At one time in Hollywood, he was the “it” guy for action movies. He also was called upon for comedy and drama. He was tangible and believable. He was chiseled of granite and could kick some serious tail.
He was Wesley Snipes, and still is one of the most underrated stars of his generation.
What began in Wildcats (Trumaine), Major League (Willie Mays Hayes), and the iconic White Men Can’t Jump (Sidney Deane), became Passenger 57 (John Cutter), Demolition Man (Simon Phoenix), and the irrefutable genius of New Jack City (Nino Brown). When folk wanted to test is acting chops, Snipes does Sugar Hill (Roemello), Mo Better Blues (Shadow Henderson), and later in his career Brooklyn’s Finest (Caz).
Dude could do it all. And then in 1998, an idea came to him that was too irresistible to refuse. The movie was Blade. And with it, came the keys to the kingdom we now know as CBMs and the opportunity for superheroes to look different and not wear capes.
That flick still holds up! And while many of today’s comic book movie fans forget, Snipes is who we have to thank for any multiverse and hero of color. Anywhere.
Oh, and the movie — a comic book movie — was rated R. In 1998! (You’re welcome, Logan and Deadpool.)
Blade was a blood moon eclipse ahead of its time, only no one was wise enough to see why. It took the heart of a graphic novel series and hit CTRL + C to paste it in film.
At the time of this writing, the trendsetting daywalker turns 20 in movie years. THR did a brilliant write-up on Snipes to commemorate the platinum anniversary. In the details, some of us discover some pet project of Snipes that was turned down and led to the filming of Blade.
“I think Black Panther spoke to me because he was noble, and he was the antithesis of the stereotypes presented and portrayed about Africans, African history and the great kingdoms of Africa,” Snipes tells THR. “It had cultural significance, social significance. It was something that the black community and the white community hadn’t seen before.”
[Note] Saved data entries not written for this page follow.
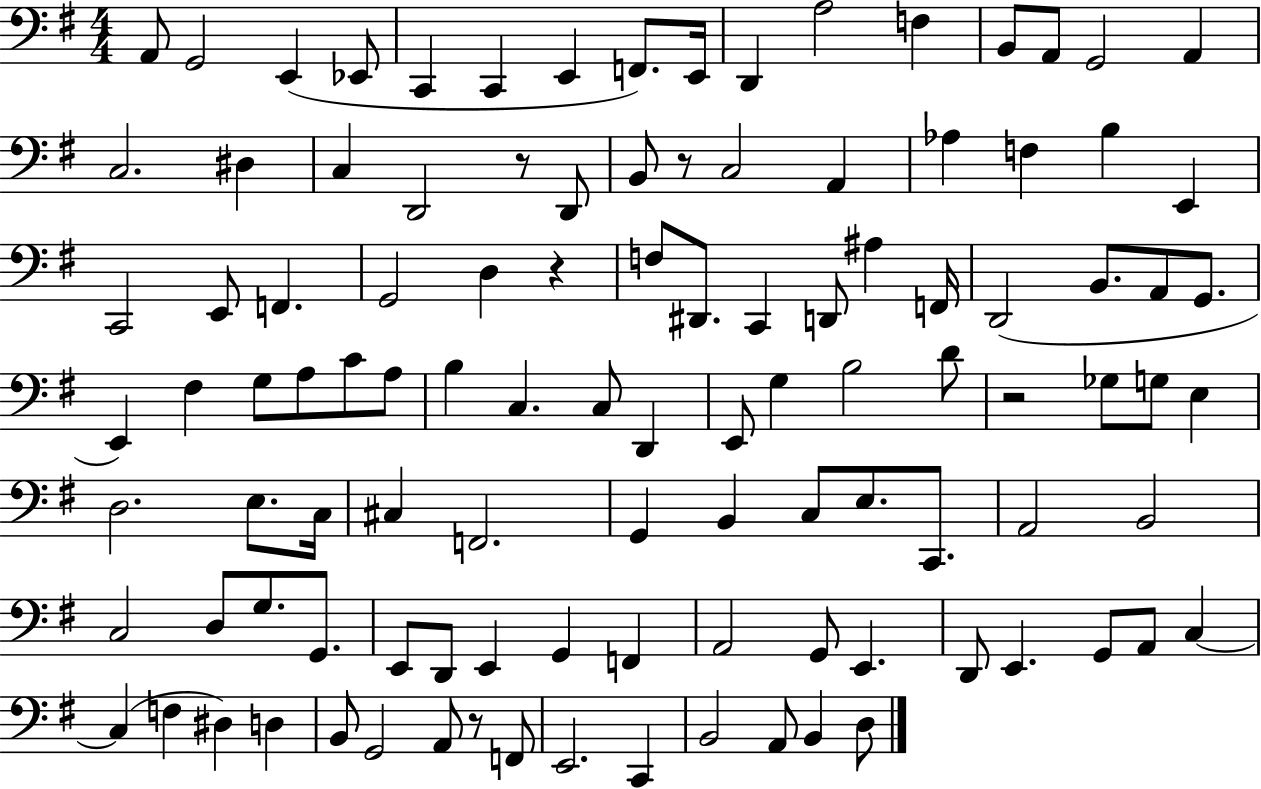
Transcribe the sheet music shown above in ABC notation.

X:1
T:Untitled
M:4/4
L:1/4
K:G
A,,/2 G,,2 E,, _E,,/2 C,, C,, E,, F,,/2 E,,/4 D,, A,2 F, B,,/2 A,,/2 G,,2 A,, C,2 ^D, C, D,,2 z/2 D,,/2 B,,/2 z/2 C,2 A,, _A, F, B, E,, C,,2 E,,/2 F,, G,,2 D, z F,/2 ^D,,/2 C,, D,,/2 ^A, F,,/4 D,,2 B,,/2 A,,/2 G,,/2 E,, ^F, G,/2 A,/2 C/2 A,/2 B, C, C,/2 D,, E,,/2 G, B,2 D/2 z2 _G,/2 G,/2 E, D,2 E,/2 C,/4 ^C, F,,2 G,, B,, C,/2 E,/2 C,,/2 A,,2 B,,2 C,2 D,/2 G,/2 G,,/2 E,,/2 D,,/2 E,, G,, F,, A,,2 G,,/2 E,, D,,/2 E,, G,,/2 A,,/2 C, C, F, ^D, D, B,,/2 G,,2 A,,/2 z/2 F,,/2 E,,2 C,, B,,2 A,,/2 B,, D,/2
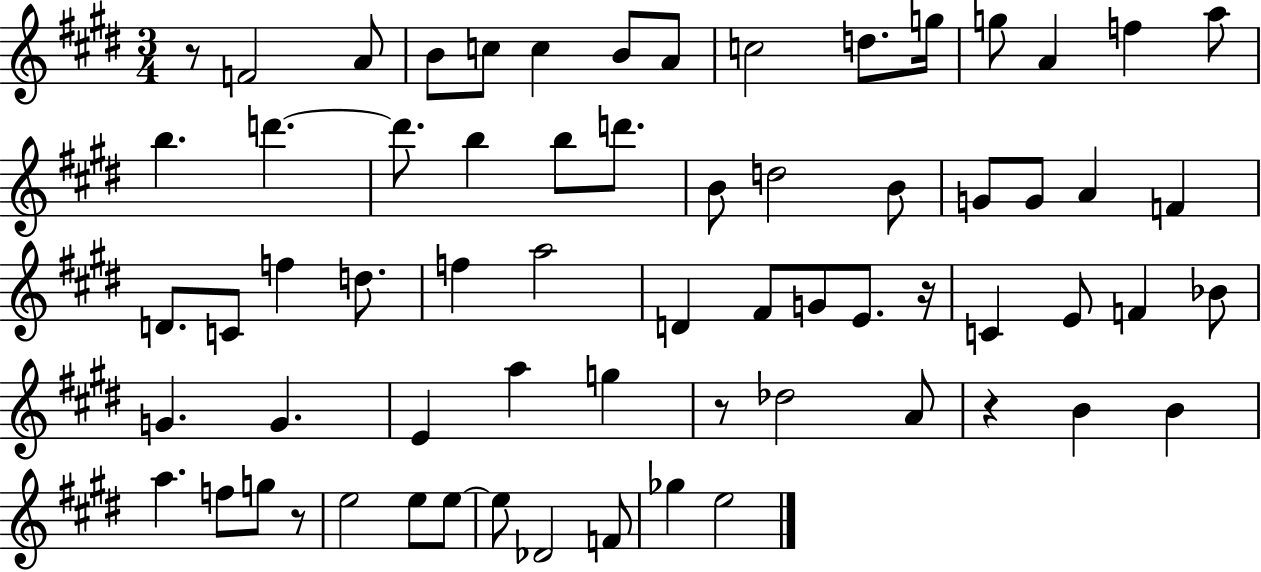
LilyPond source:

{
  \clef treble
  \numericTimeSignature
  \time 3/4
  \key e \major
  r8 f'2 a'8 | b'8 c''8 c''4 b'8 a'8 | c''2 d''8. g''16 | g''8 a'4 f''4 a''8 | \break b''4. d'''4.~~ | d'''8. b''4 b''8 d'''8. | b'8 d''2 b'8 | g'8 g'8 a'4 f'4 | \break d'8. c'8 f''4 d''8. | f''4 a''2 | d'4 fis'8 g'8 e'8. r16 | c'4 e'8 f'4 bes'8 | \break g'4. g'4. | e'4 a''4 g''4 | r8 des''2 a'8 | r4 b'4 b'4 | \break a''4. f''8 g''8 r8 | e''2 e''8 e''8~~ | e''8 des'2 f'8 | ges''4 e''2 | \break \bar "|."
}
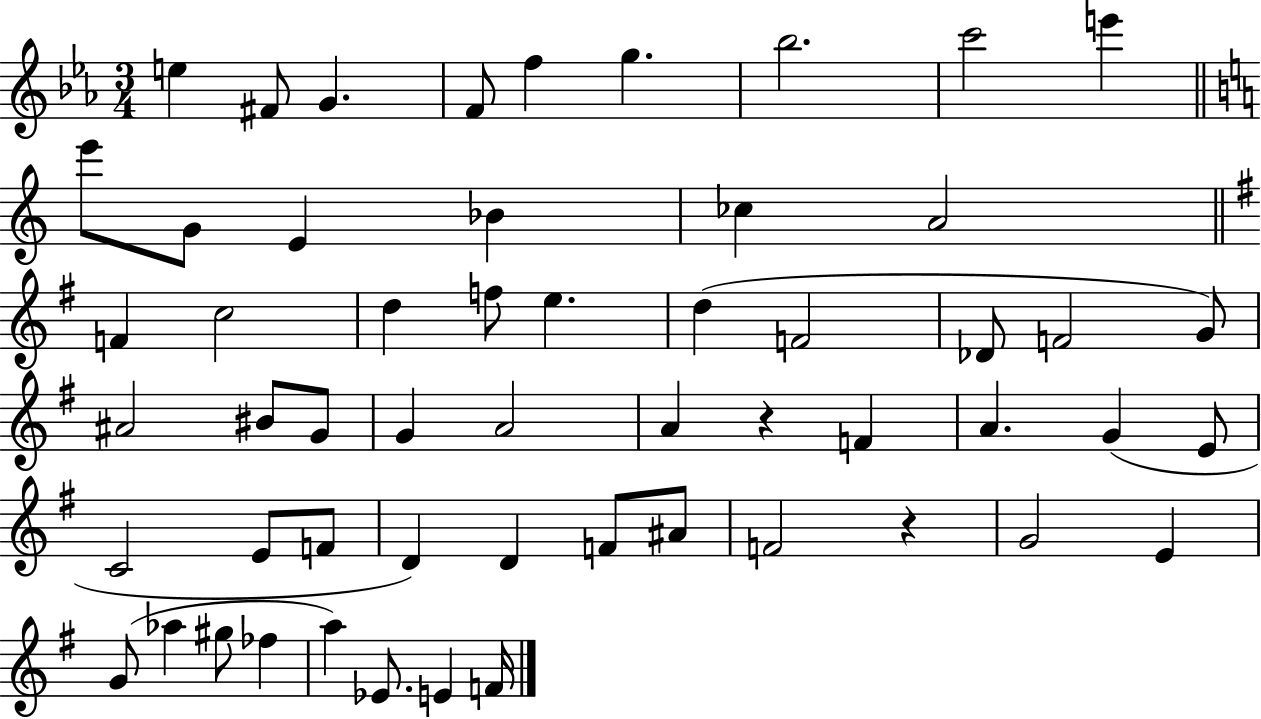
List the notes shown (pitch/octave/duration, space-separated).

E5/q F#4/e G4/q. F4/e F5/q G5/q. Bb5/h. C6/h E6/q E6/e G4/e E4/q Bb4/q CES5/q A4/h F4/q C5/h D5/q F5/e E5/q. D5/q F4/h Db4/e F4/h G4/e A#4/h BIS4/e G4/e G4/q A4/h A4/q R/q F4/q A4/q. G4/q E4/e C4/h E4/e F4/e D4/q D4/q F4/e A#4/e F4/h R/q G4/h E4/q G4/e Ab5/q G#5/e FES5/q A5/q Eb4/e. E4/q F4/s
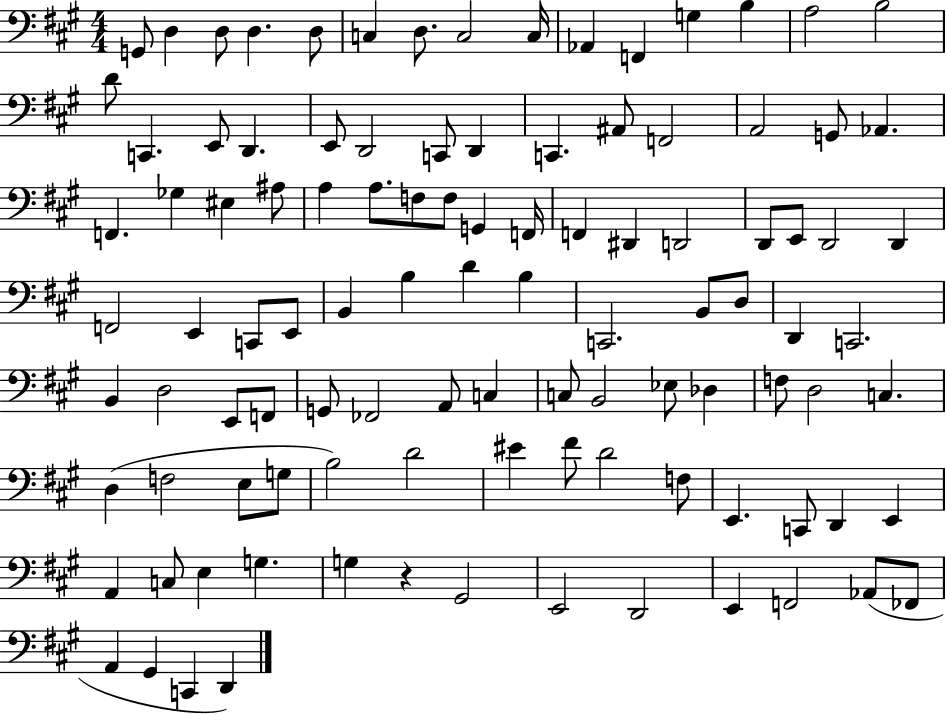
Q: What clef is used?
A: bass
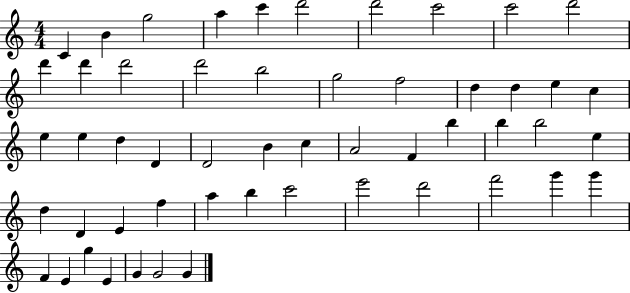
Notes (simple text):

C4/q B4/q G5/h A5/q C6/q D6/h D6/h C6/h C6/h D6/h D6/q D6/q D6/h D6/h B5/h G5/h F5/h D5/q D5/q E5/q C5/q E5/q E5/q D5/q D4/q D4/h B4/q C5/q A4/h F4/q B5/q B5/q B5/h E5/q D5/q D4/q E4/q F5/q A5/q B5/q C6/h E6/h D6/h F6/h G6/q G6/q F4/q E4/q G5/q E4/q G4/q G4/h G4/q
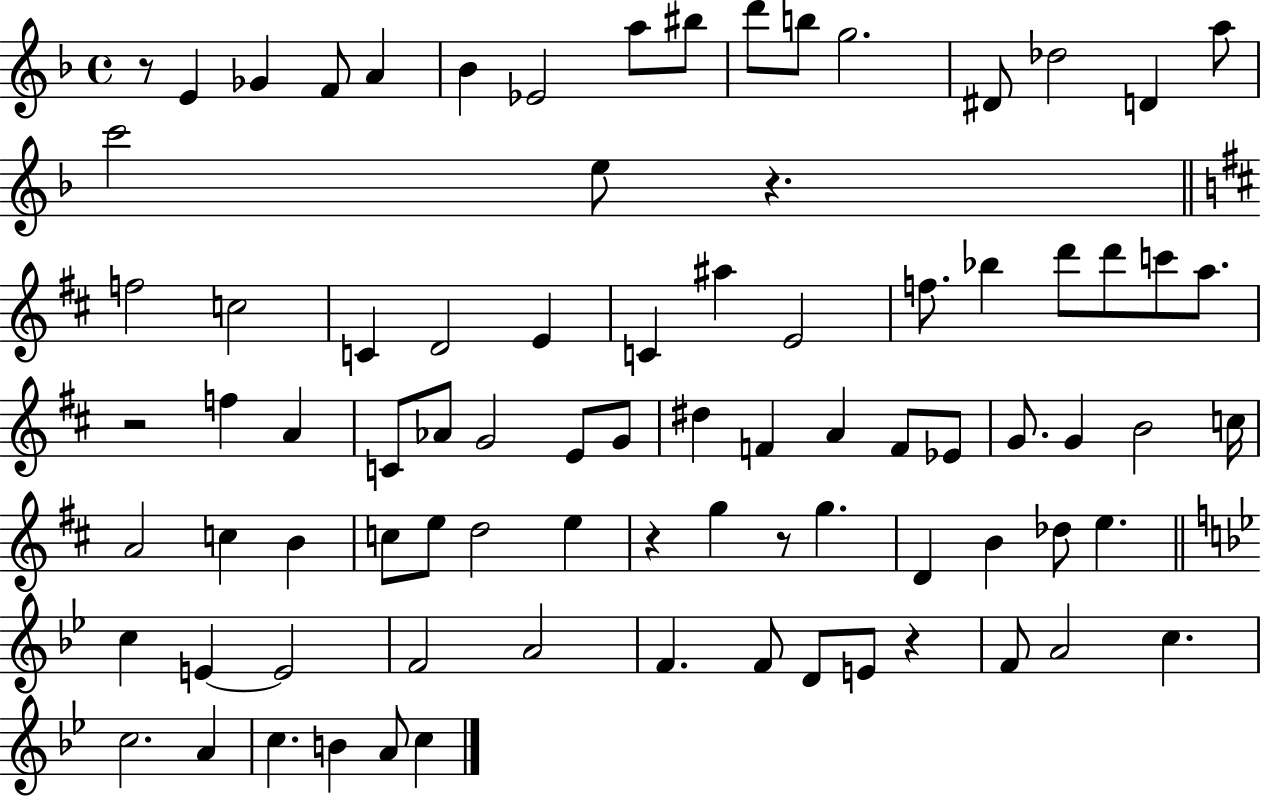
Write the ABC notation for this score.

X:1
T:Untitled
M:4/4
L:1/4
K:F
z/2 E _G F/2 A _B _E2 a/2 ^b/2 d'/2 b/2 g2 ^D/2 _d2 D a/2 c'2 e/2 z f2 c2 C D2 E C ^a E2 f/2 _b d'/2 d'/2 c'/2 a/2 z2 f A C/2 _A/2 G2 E/2 G/2 ^d F A F/2 _E/2 G/2 G B2 c/4 A2 c B c/2 e/2 d2 e z g z/2 g D B _d/2 e c E E2 F2 A2 F F/2 D/2 E/2 z F/2 A2 c c2 A c B A/2 c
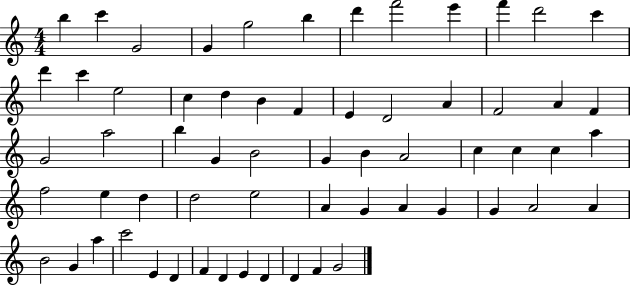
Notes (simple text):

B5/q C6/q G4/h G4/q G5/h B5/q D6/q F6/h E6/q F6/q D6/h C6/q D6/q C6/q E5/h C5/q D5/q B4/q F4/q E4/q D4/h A4/q F4/h A4/q F4/q G4/h A5/h B5/q G4/q B4/h G4/q B4/q A4/h C5/q C5/q C5/q A5/q F5/h E5/q D5/q D5/h E5/h A4/q G4/q A4/q G4/q G4/q A4/h A4/q B4/h G4/q A5/q C6/h E4/q D4/q F4/q D4/q E4/q D4/q D4/q F4/q G4/h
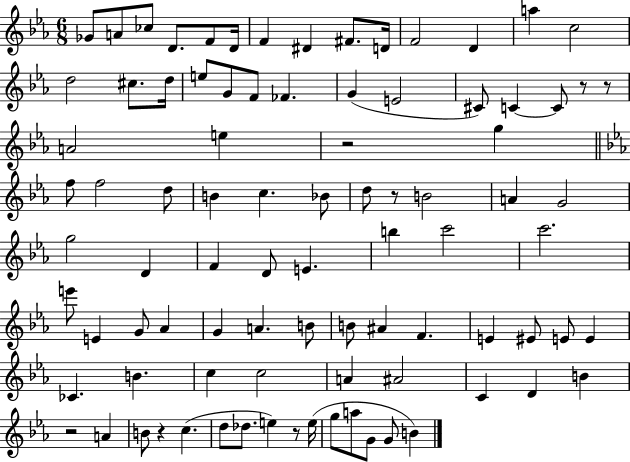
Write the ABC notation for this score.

X:1
T:Untitled
M:6/8
L:1/4
K:Eb
_G/2 A/2 _c/2 D/2 F/2 D/4 F ^D ^F/2 D/4 F2 D a c2 d2 ^c/2 d/4 e/2 G/2 F/2 _F G E2 ^C/2 C C/2 z/2 z/2 A2 e z2 g f/2 f2 d/2 B c _B/2 d/2 z/2 B2 A G2 g2 D F D/2 E b c'2 c'2 e'/2 E G/2 _A G A B/2 B/2 ^A F E ^E/2 E/2 E _C B c c2 A ^A2 C D B z2 A B/2 z c d/2 _d/2 e z/2 e/4 g/2 a/2 G/2 G/2 B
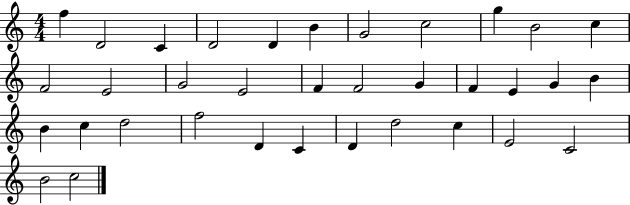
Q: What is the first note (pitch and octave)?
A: F5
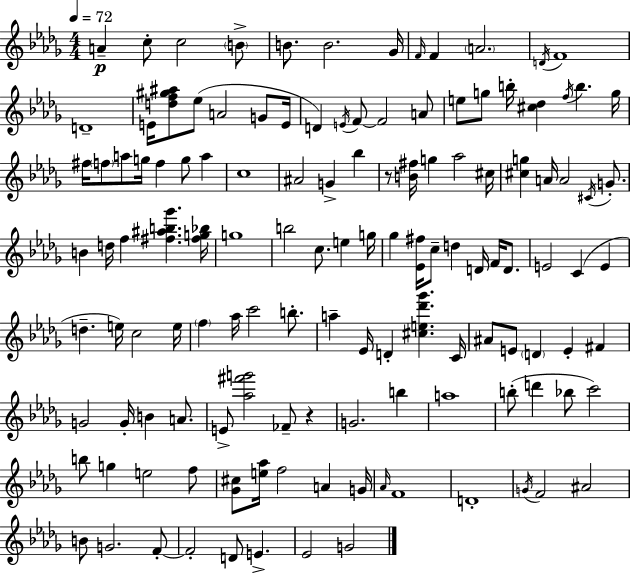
A4/q C5/e C5/h B4/e B4/e. B4/h. Gb4/s F4/s F4/q A4/h. D4/s F4/w D4/w E4/s [D5,F5,G#5,A#5]/e Eb5/e A4/h G4/e E4/s D4/q E4/s F4/e F4/h A4/e E5/e G5/e B5/s [C#5,Db5]/q F5/s B5/q. G5/s F#5/s F5/e A5/e G5/s F5/q G5/e A5/q C5/w A#4/h G4/q Bb5/q R/e [B4,F#5]/s G5/q Ab5/h C#5/s [C#5,G5]/q A4/s A4/h C#4/s G4/e. B4/q D5/s F5/q [F#5,A#5,B5,Gb6]/q. [F#5,G5,Bb5]/s G5/w B5/h C5/e. E5/q G5/s Gb5/q [Eb4,F#5]/s C5/e D5/q D4/s F4/s D4/e. E4/h C4/q E4/q D5/q. E5/s C5/h E5/s F5/q Ab5/s C6/h B5/e. A5/q Eb4/s D4/q [C#5,E5,Db6,Gb6]/q. C4/s A#4/e E4/e D4/q E4/q F#4/q G4/h G4/s B4/q A4/e. E4/e [Ab5,F#6,G6]/h FES4/e R/q G4/h. B5/q A5/w B5/e D6/q Bb5/e C6/h B5/e G5/q E5/h F5/e [Gb4,C#5]/e [E5,Ab5]/s F5/h A4/q G4/s Ab4/s F4/w D4/w G4/s F4/h A#4/h B4/e G4/h. F4/e F4/h D4/e E4/q. Eb4/h G4/h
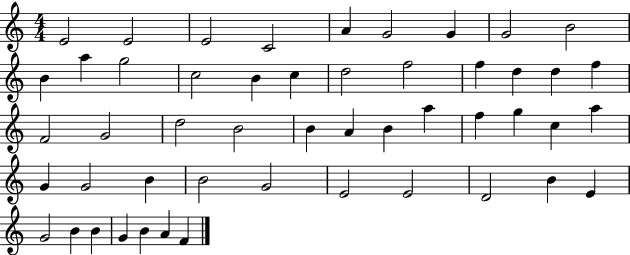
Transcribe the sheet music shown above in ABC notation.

X:1
T:Untitled
M:4/4
L:1/4
K:C
E2 E2 E2 C2 A G2 G G2 B2 B a g2 c2 B c d2 f2 f d d f F2 G2 d2 B2 B A B a f g c a G G2 B B2 G2 E2 E2 D2 B E G2 B B G B A F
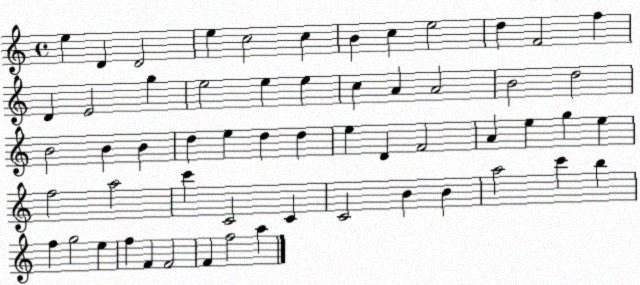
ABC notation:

X:1
T:Untitled
M:4/4
L:1/4
K:C
e D D2 e c2 c B c e2 d F2 f D E2 g e2 e e c A A2 B2 d2 B2 B B d e d d e D F2 A e g e f2 a2 c' C2 C C2 B B a2 c' b f g2 e f F F2 F f2 a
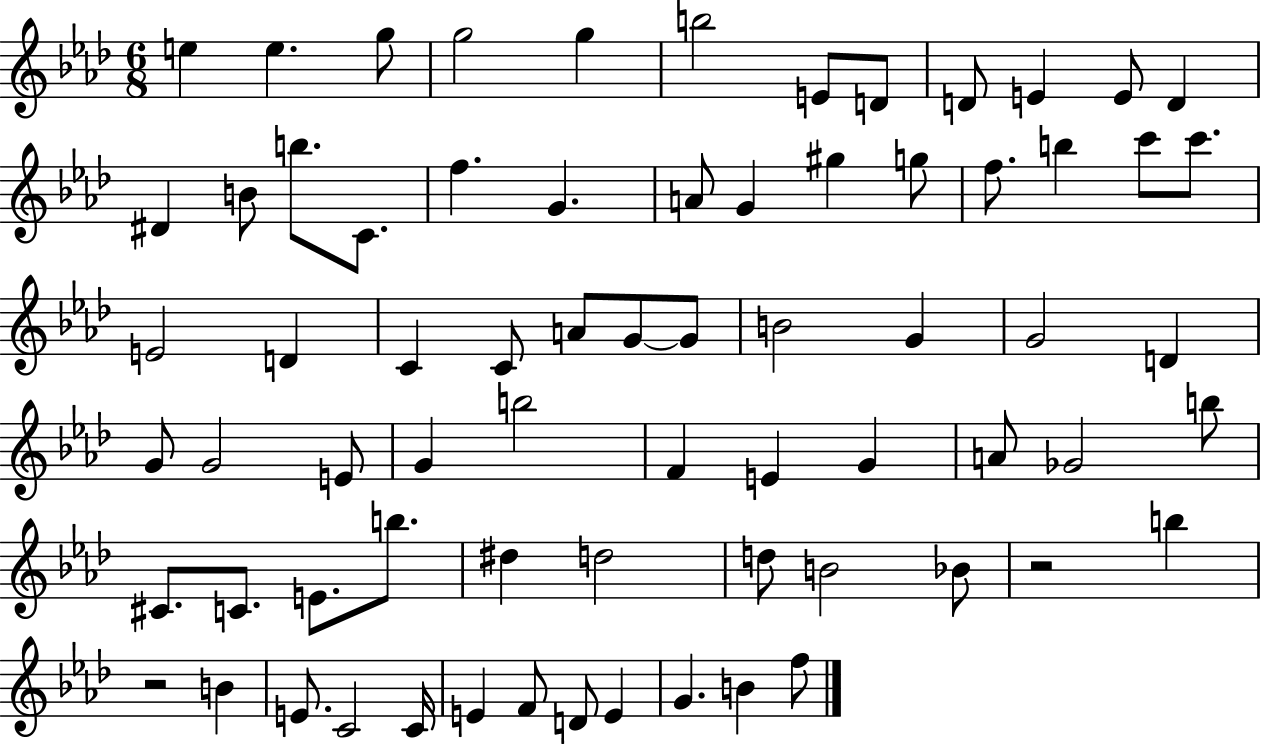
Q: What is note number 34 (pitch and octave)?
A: B4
Incidentally, while Chadwick Boseman’s demeanor, accent, and persona was majestic as T’Challa, his battle scenes could have been completely done by Snipes himself. You see, all those fighting scenes in some of the aforementioned movies, as well the Expendables or Art of War are all Snipes.
He’s a 5th degree black belt in Shotokan Karate and a 2nd degree black belt in Hapkido.
And as someone who has studied Kempo for 20 years, I can tell you dude is the truth! He has studied many lines, disciplines, and schools of thought. (Yeah, I’m man-crushing a little.)
So, why not make Snipes the king of Wakanda? Easy. Folk weren’t ready.
“Black Panther is an iconic character who much of the world was unfamiliar with and the communities that I grew up in would love,” Snipes says. “Look, from the days of William Marshall playing Blacula in the 1970s black flicks and the fervor you found inside the black and Hispanic communities, it never crossed my mind that the audience wouldn’t be down with it.”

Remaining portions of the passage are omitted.